▶ **Work instruction**
Which lines run from the one with "空压机电磁阀YCSM32-0" through the end of the data? Retype them exactly, without pictures.

■ ■ ■ ■ ■ ■ ■

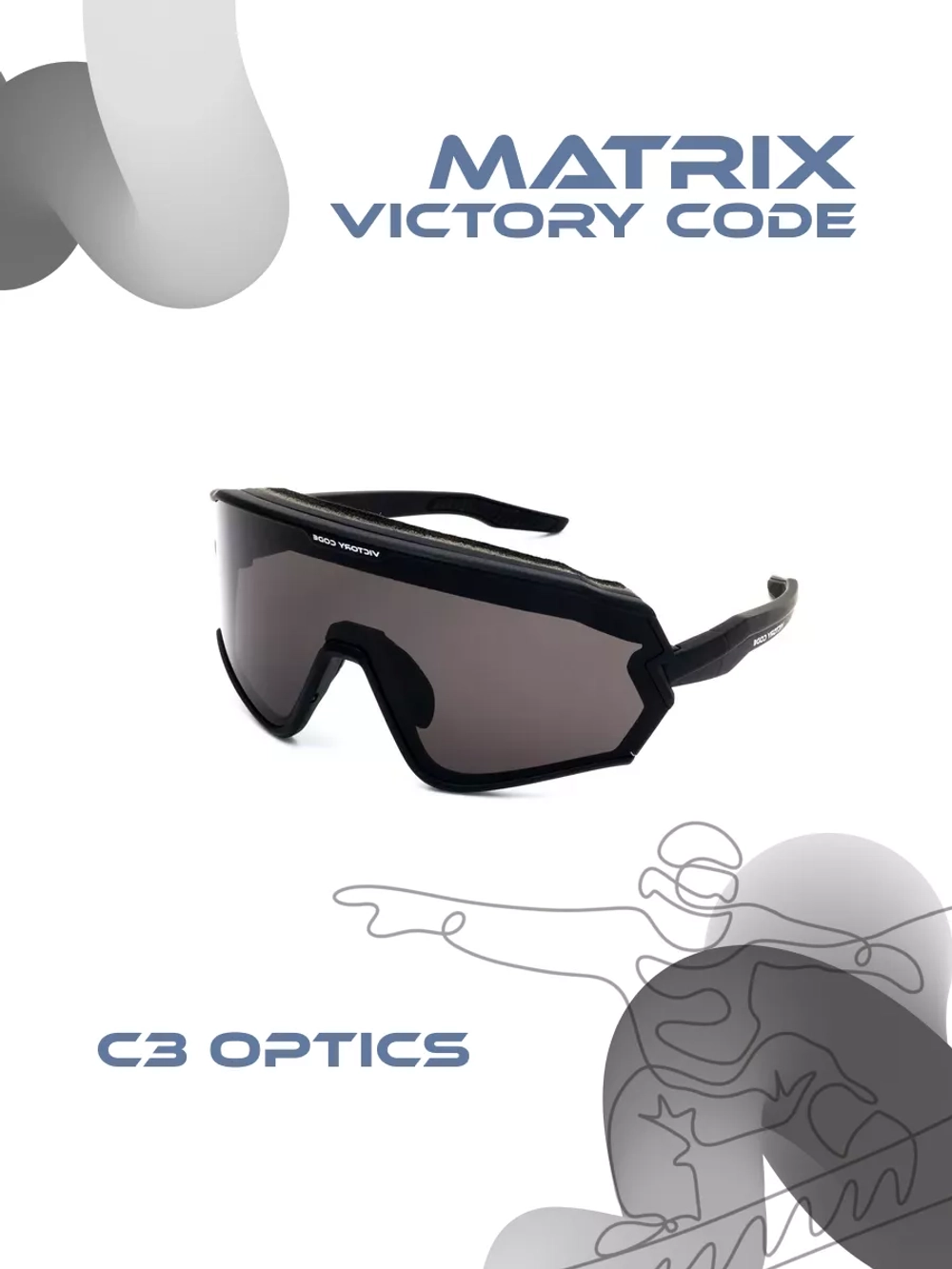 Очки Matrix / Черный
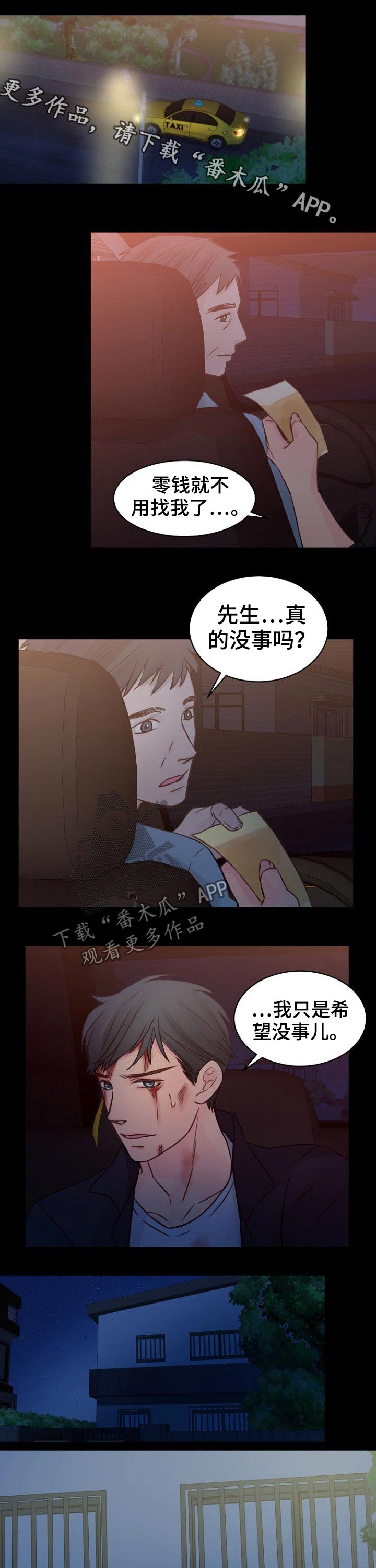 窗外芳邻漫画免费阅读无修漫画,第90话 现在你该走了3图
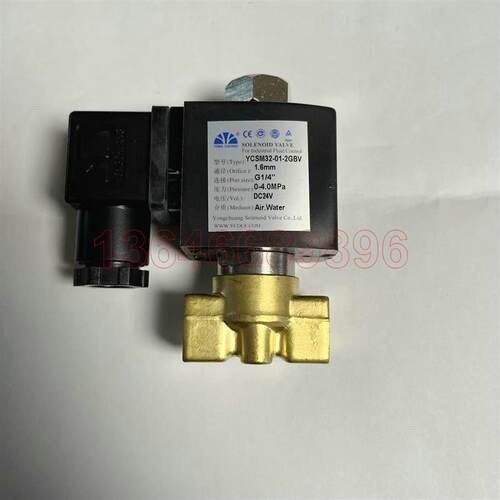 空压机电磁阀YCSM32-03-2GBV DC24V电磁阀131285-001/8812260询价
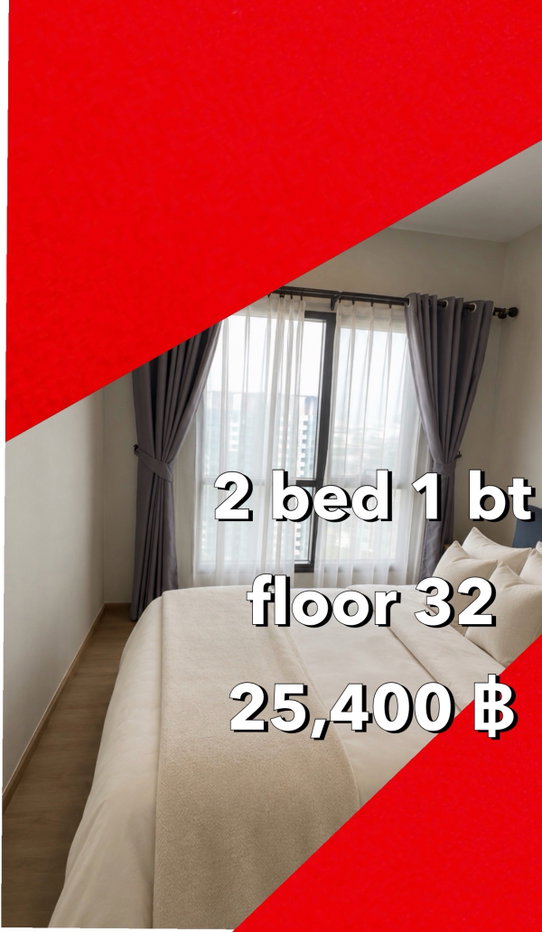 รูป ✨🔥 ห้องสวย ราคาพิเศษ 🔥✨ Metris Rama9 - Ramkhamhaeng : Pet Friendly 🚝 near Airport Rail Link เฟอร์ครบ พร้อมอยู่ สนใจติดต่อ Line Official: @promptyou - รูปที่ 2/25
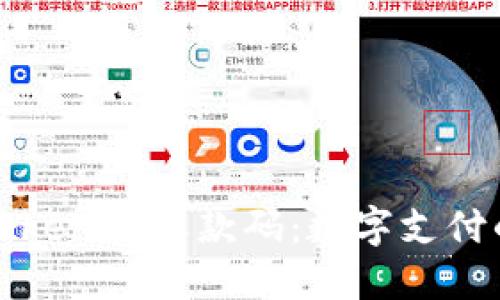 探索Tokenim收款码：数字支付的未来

■ ■ ■ ■ ■ ■ ■

▶ **Task answer**
 空压机电磁阀YCSM32-03-2GBV DC24V电磁阀131285-001/8812260询价
 รูป ✨🔥 ห้องสวย ราคาพิเศษ 🔥✨ Metris Rama9 - Ramkhamhaeng : Pet Friendly 🚝 near Airport Rail Link เฟอร์ครบ พร้อมอยู่ สนใจติดต่อ Line Official: @promptyou - รูปที่ 2/25
 探索Tokenim收款码：数字支付的未来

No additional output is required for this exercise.